* WORK INSTRUCTION
Without the pictures, write the listing out again exactly as it appears.

* INFORMATION SHOWN
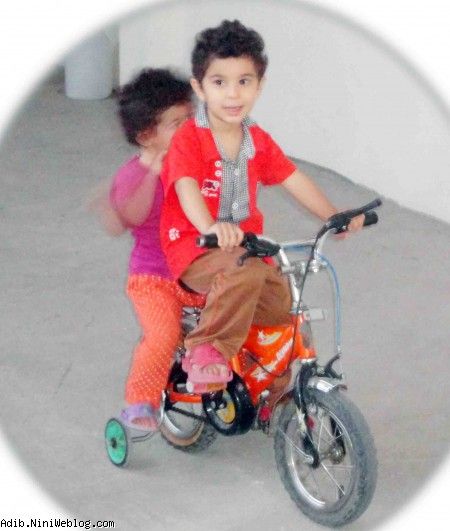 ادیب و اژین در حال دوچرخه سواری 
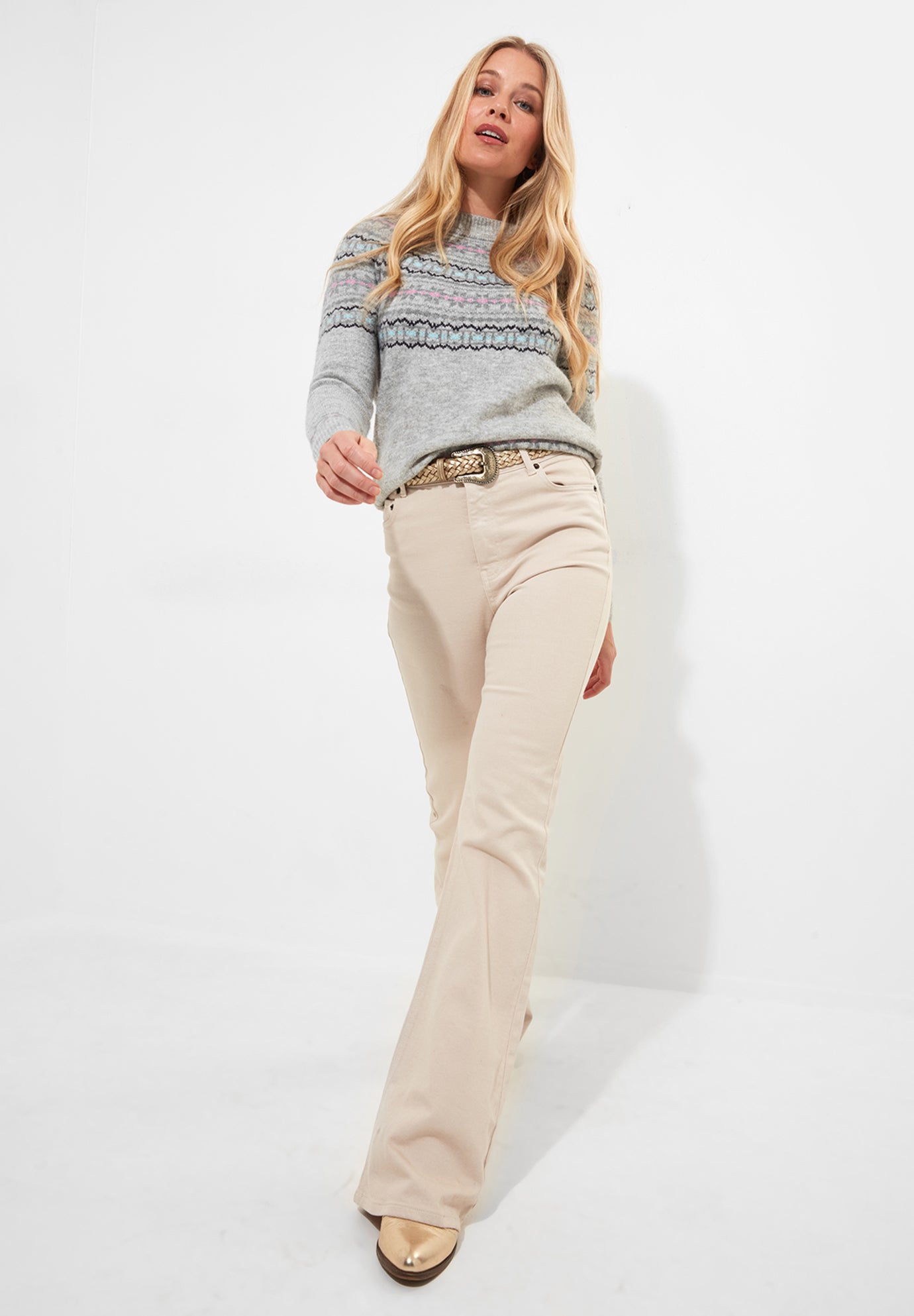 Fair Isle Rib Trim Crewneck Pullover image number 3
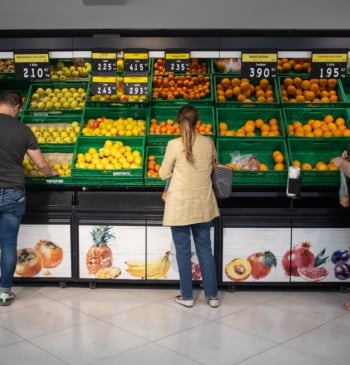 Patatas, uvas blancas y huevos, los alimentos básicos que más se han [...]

* EXERCISE RESULT
 ادیب و اژین در حال دوچرخه سواری 
 Fair Isle Rib Trim Crewneck Pullover image number 3
 Patatas, uvas blancas y huevos, los alimentos básicos que más se han [...]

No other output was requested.